A few months later, he wrote Hendrix, “I have had many bitter things said of me this past year—but none of these things move me . . . To me this year 1881 has been the happiest and best of my life. I have been on the breezy heights—often walking alone—no—Christ has been with me” ([5], pp. 333–334). In the same mood of spiritual independence, in 1887, Haygood wrote Rev. George G. Smith, “I do not profess religion—I never sought a reputation for being good—But I know Him” (p. 323).
As a result of his out-spoken commitment to the New South and Negro education, in 1882, Haygood was appointed agent of the John F. Slater fund, a Northern endowment for Negro education in the South.
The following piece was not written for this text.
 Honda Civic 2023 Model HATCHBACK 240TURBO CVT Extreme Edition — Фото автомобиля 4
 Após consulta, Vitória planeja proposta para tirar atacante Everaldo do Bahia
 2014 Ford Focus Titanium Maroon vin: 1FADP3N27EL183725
He was responsible for the distribution of some $20,000 to $40,000 annually to deserving industrial and academic institutions, e.g., Booker T. Washington’s Tuskegee Institute in Alabama. In 1887, Haygood wrote ex-President Rutherford B. Hayes (Slater Board Trustee), “I believe with all my soul that God’s hand is on me for these poor people. It is to me a sacred work” ([5], p. 338).
What led Haygood, in 1880, to take up social reform? There is no clear answer. Biographer Harold Mann ([4], pp. 50, 67–71, 109–111) credits an (implicitly Jungian) maturation of his personality wherein inner contradictions were resolved at mid-life. As a Southern Methodist clergy, Mann argues, Haygood had repressed secular values and ambitions, in particular, a desire to be a literary hero (p. 69). Indeed, early in his ministry, Haygood rebelled against conventional preacherly affectations, such as emotional displays in the pulpit and using “Hallelujah!” as a greeting. Acquaintances recalled that he dressed the part of a businessman, not a preacher ([5], pp.100–103, xii–xiv, 274).
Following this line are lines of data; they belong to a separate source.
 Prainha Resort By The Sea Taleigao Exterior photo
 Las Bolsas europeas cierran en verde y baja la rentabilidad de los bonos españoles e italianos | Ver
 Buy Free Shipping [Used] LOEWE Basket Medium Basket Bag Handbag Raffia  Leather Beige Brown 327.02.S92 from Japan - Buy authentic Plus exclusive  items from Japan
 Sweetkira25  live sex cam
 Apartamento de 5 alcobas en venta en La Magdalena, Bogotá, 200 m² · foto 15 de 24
Further, the loss of the Civil War, Mann ([4], pp. 198–200) suggests, contributed to Haygood’s redirection. He had trusted the Providence of popular sentiment to vindicate the South; after his expectations were unfulfilled, he opened himself to a more mysterious force of destiny to which he could only submit, not fathom or control.
Unfortunately, Haygood did not leave an account of his conversion to social activism. However, family and friends credited him with two stories of inner transformation that, if authentic, shed light on the mystery. According to one, Haygood, then President of Emory College, had been paying bills and had run out of funds when a Negro carpenter, Lander Thompson, came to ask for his wages. Haygood responded irritably that he would pay him later, and Thompson left. Soon the college president felt guilty, borrowed money from a student, and walked in the dark to the carpenter’s cabin. There he found the family eating a humble supper of corn bread. Haygood apologized for his abruptness and gave Thompson his wages. Later, according to the story, he told a close friend, “That dark night, as I went back home from Lander Thompson’s cabin, I caught a new glimpse of heaven” ([5], pp.153–154).
A slightly different version of the story comes from a former Emory student who claimed to be the one who loaned Haygood the money. As Haygood walked home from the carpenter’s cabin, “God revealed to him the great foundation principles of Our Brother in Black,” according to the erstwhile pupil. Haygood, the admirer noted, was “the kind of man to whom God reveals his great truths” ([5], p. 191).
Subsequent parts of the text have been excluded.